Copy out again, unchanged, the line that contains "Hermes Birkin 25" and every line after it down to the last line of the data.
START DATA SHOWN
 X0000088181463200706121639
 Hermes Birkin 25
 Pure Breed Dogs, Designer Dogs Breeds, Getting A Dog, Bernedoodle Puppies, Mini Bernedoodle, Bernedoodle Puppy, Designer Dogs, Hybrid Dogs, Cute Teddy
END DATA SHOWN
**ANSWER**:
 Hermes Birkin 25
 Pure Breed Dogs, Designer Dogs Breeds, Getting A Dog, Bernedoodle Puppies, Mini Bernedoodle, Bernedoodle Puppy, Designer Dogs, Hybrid Dogs, Cute Teddy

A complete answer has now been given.